RECORD EXCERPTS: Begin
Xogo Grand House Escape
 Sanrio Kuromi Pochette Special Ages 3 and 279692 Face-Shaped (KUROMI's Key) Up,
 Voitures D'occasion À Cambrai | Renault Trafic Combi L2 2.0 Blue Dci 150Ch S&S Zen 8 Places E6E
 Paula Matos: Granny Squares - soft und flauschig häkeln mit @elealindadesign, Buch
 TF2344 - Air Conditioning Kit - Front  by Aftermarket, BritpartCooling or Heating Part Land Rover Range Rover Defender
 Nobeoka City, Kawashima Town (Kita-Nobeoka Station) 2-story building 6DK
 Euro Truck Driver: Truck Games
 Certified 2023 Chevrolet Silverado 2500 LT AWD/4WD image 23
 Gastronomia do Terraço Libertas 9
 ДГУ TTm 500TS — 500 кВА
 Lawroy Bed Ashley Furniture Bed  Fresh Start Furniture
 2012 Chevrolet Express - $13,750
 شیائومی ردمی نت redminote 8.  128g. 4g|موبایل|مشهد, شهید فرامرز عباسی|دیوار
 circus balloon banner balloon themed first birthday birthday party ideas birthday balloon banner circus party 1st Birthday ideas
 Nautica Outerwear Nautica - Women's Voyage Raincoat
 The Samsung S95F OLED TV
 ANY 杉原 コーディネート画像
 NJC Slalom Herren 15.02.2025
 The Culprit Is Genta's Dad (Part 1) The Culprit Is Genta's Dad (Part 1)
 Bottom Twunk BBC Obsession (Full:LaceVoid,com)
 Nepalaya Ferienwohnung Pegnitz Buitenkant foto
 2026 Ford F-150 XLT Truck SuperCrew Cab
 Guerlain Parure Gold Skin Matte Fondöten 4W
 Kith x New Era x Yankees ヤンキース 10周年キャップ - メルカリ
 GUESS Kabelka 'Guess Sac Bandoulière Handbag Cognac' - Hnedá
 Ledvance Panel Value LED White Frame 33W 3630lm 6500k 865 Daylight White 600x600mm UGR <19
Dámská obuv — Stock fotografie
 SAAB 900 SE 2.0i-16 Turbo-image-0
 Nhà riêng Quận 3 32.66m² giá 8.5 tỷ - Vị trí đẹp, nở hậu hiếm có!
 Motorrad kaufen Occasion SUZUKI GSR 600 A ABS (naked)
RECORD EXCERPTS: End
EXERCISE
Beginning at the line with "Paula Matos: Granny" and stopping after the line with "شیائومی ردمی نت", please write out every line of the data above exactly and nothing else.

RESULT BELOW
 Paula Matos: Granny Squares - soft und flauschig häkeln mit @elealindadesign, Buch
 TF2344 - Air Conditioning Kit - Front  by Aftermarket, BritpartCooling or Heating Part Land Rover Range Rover Defender
 Nobeoka City, Kawashima Town (Kita-Nobeoka Station) 2-story building 6DK
 Euro Truck Driver: Truck Games
 Certified 2023 Chevrolet Silverado 2500 LT AWD/4WD image 23
 Gastronomia do Terraço Libertas 9
 ДГУ TTm 500TS — 500 кВА
 Lawroy Bed Ashley Furniture Bed  Fresh Start Furniture
 2012 Chevrolet Express - $13,750
 شیائومی ردمی نت redminote 8.  128g. 4g|موبایل|مشهد, شهید فرامرز عباسی|دیوار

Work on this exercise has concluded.